Here's the link to the one that first discusses the new regs :

http://www.dft.gov.uk/vosa/repository/MoT%20-%20Issue%2048%20-%20Oct%202010.pdf


----------



## David (Apr 25, 2003)

RSVFOUR said:


> This must be the third or forth post about this link.
> Plus its a copy of a post that someone got from another forum and the post was second hand itself and not from an official site
> 
> It simply isnt possible to check the map on all ecus as past of the test
> ...


I can see where they are coming from with this, basically they are trying to stop the current trend to remap (or replace and remap with the FCON) an ECU and tune it so that it passes an idle based emissions test, but once your on load would fail to pass a full on emission drive cylce (which all new cars have to pass).
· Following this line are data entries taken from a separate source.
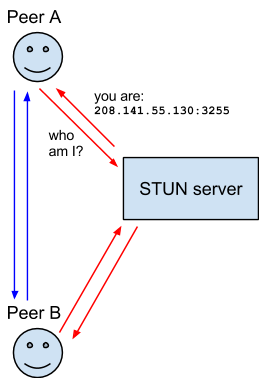 Eine Interaktion zwischen zwei Benutzern einer WebRTC-Anwendung mit einem STUN-Server.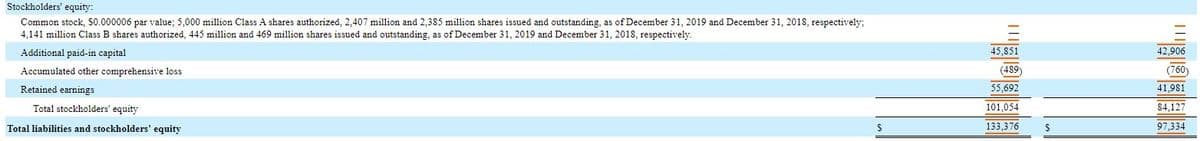 Stockholders' equity:
Common stock, S0.000006 par value; 5,000 million Class A shares authorized, 2,407 million and 2,385 million shares issued and outstanding, as of December 31, 2019 and December 31, 2018, respectively;
4,141 million Class B shares authorized, 445 million and 469 million shares issued and outstanding, as of December 31, 2019 and December 31, 2018, respectively.
Additional paid-in capital
42.906
45.851
Accumulated other comprehensive loss
(489
(760
Retained earnings
55.692
41.981
Total stockholders' equity
101.054
84.127
Total liabilities and stockholders' equity
133,376
97.334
My view on this is they are trying to outlaw any tuning which may effect emissions performance outside idle, so your ECU and calibration must be standard. Therefore by default your car would fail for having an aftermarket ECU fitted.

I dont agree with this, but I can see what they are trying to do. It will be intersted to see if this gets included in new Mot laws.


----------



## Rbentley (Dec 17, 2007)

Cheers for the replies, Guys. Still not clear on whether this is going to happen or the level - but I guess its one to watch.


----------



## Cris (Sep 17, 2007)

David said:


> I can see where they are coming from with this, basically they are trying to stop the current trend to remap (or replace and remap with the FCON) an ECU and tune it so that it passes an idle based emissions test, but once your on load would fail to pass a full on emission drive cylce (which all new cars have to pass).
> 
> My view on this is they are trying to outlaw any tuning which may effect emissions performance outside idle, so your ECU and calibration must be standard. Therefore by default your car would fail for having an aftermarket ECU fitted.
> 
> I dont agree with this, but I can see what they are trying to do. It will be intersted to see if this gets included in new Mot laws.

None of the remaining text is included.